Open Society Journalism Fellow Jeffrey Barbee journeyed through Southern Africa to discover locally driven projects that are helping people adapt to Climate Change.
This 30 minute documentary delivers a highly visual and exciting report on these adaptations utilizing scientific data, interviews with project leaders, local farmers and researchers from around region.
Scientific data from South Africa's Center for Industrial and Scientific Research (CSIR) underpins dramatic scenery and personal testimony in this visual tour of Southern Africa most beautiful and fragile landscapes.
Apart from expanding our understanding of Climate Change, this film illustrates in large strokes that adaptation in one the worst affected areas is possible and that the world can sometimes look to Africa for answers to some of the biggest challenges we face.
The Desert Research Foundation of Namibia is one of the oldest research stations in the region based at the foot of an ancient desert ecosystem where African scientists are studying and developing grassroot adaptations to Climate Change.
In the Baviaanskloof of South Africa the government, civil groups and local communities have joined forces to replant vast areas of the shrub Spekboom. This restores the water in the area, and also generates financial benefits through the carbon market creating a sustainable cycle of renewal that ultimately finances itself, creates jobs, and secures scarce water resources for future generations.
In the North of Zambia the benefits of conservation farming have come at a time when the rainfall has become more erratic.
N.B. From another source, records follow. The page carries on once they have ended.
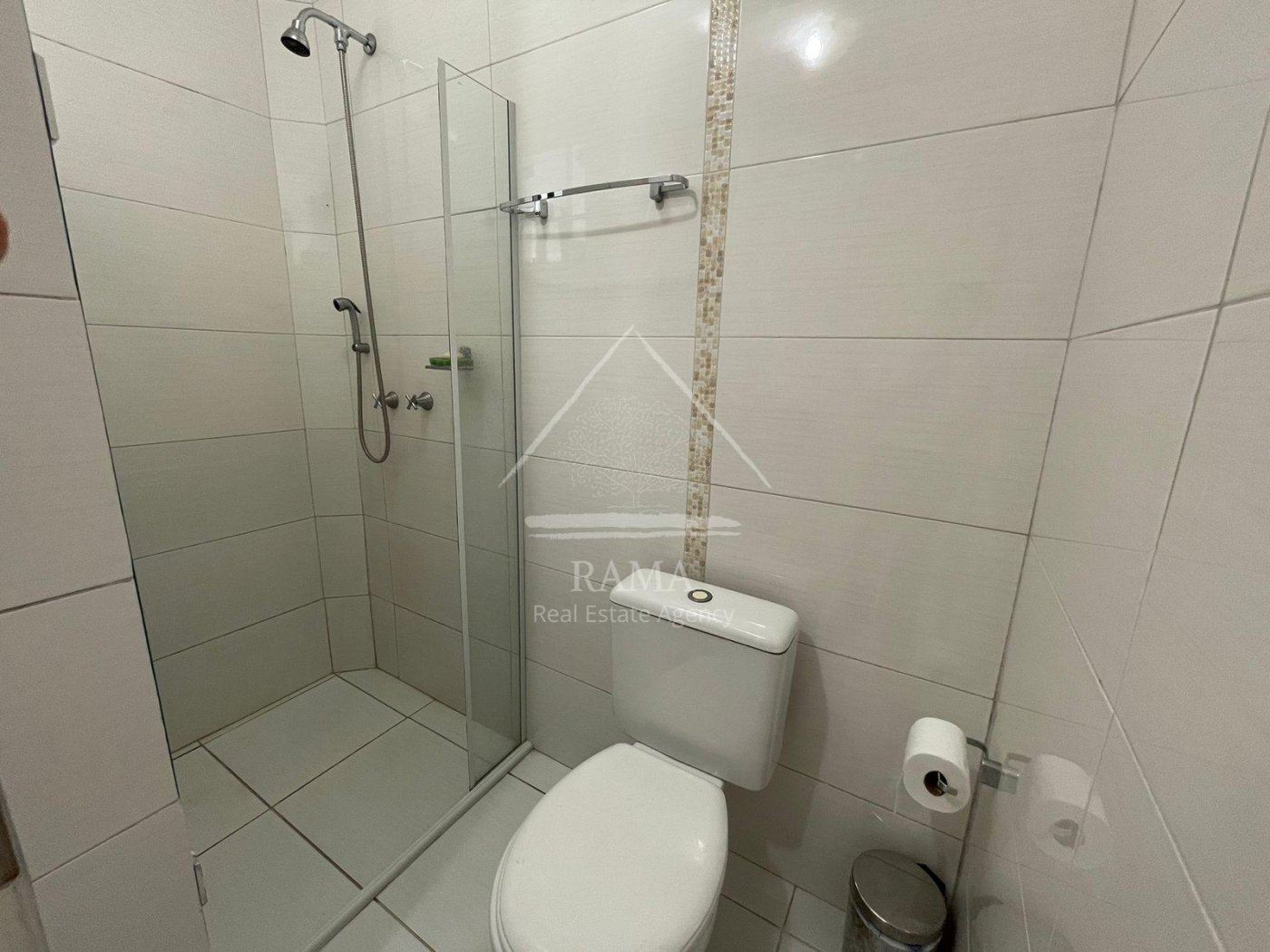 Casa aprox. 110m² com 3 Quartos, Suíte, 2 vagas e quintal no Jd. Carvalho!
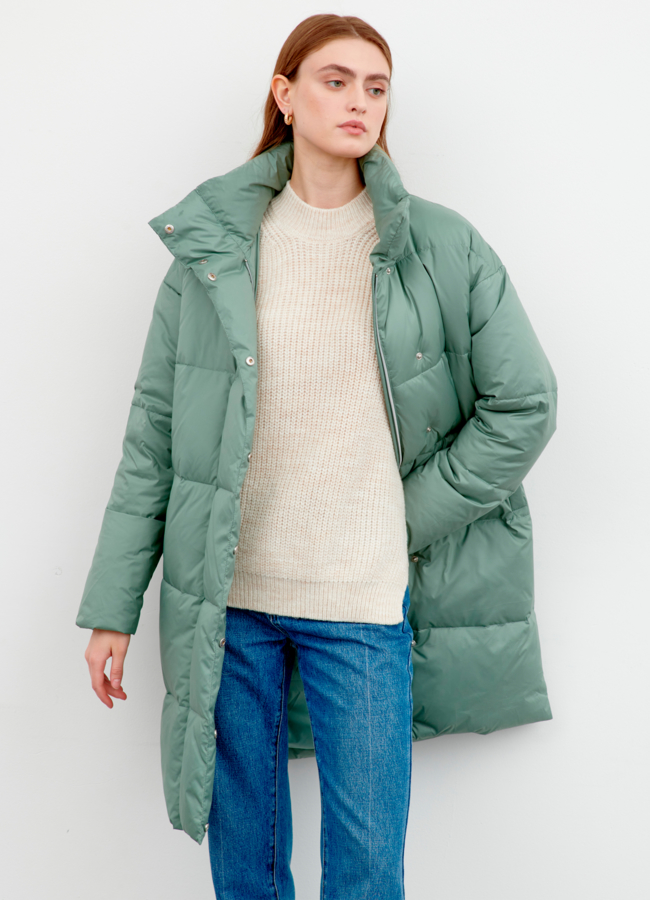 Пуховик в светло-зеленом цвете модель № 78915 меха малина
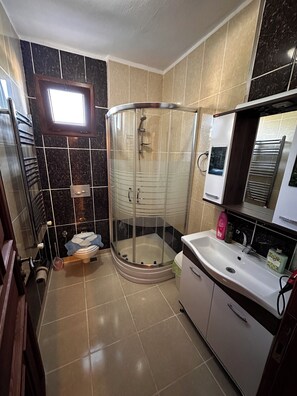 Comfort Room | Bilik Mandi | Pancuran mandi, kelengkapan dandanan diri percuma, pengering rambut 
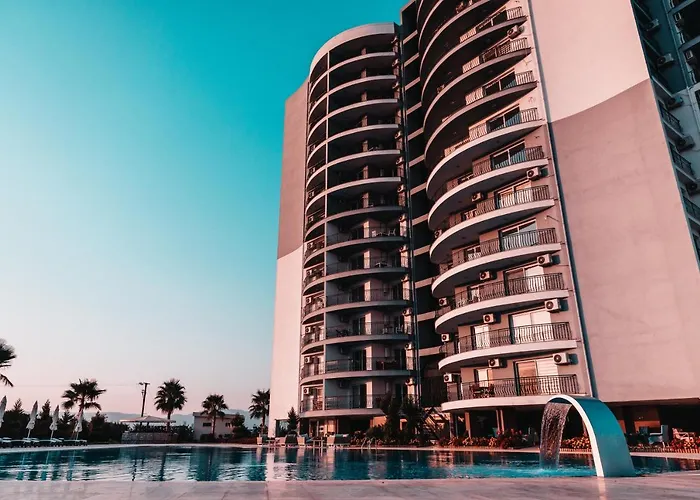 Edelweiss Aqua & Apart Otel 3*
The country, through a public private partnership with the Conservation Farming Unit, has 300,000 farmers working in conservation agriculture. This system helps farmers adapt to climate change, increasing food security dramatically and supporting the livelihoods of more than a million people.
On a regional level, the Kavango Zambezi Transfrontier Conservation Area (KAZA) focuses on the health of two large watersheds that straddle five countries' borders. It provides a striking example of a multi-national conservation approach that cascades the problem of water security in a time of climate change up to a regional level where international agreements like this ambitious project are vital for sharing and securing resources for everyone's benefit.
This film illustrates that there is hope here in Africa and helps create a climate for change in the way we see ourselves -from consumers, to caretakers of nature.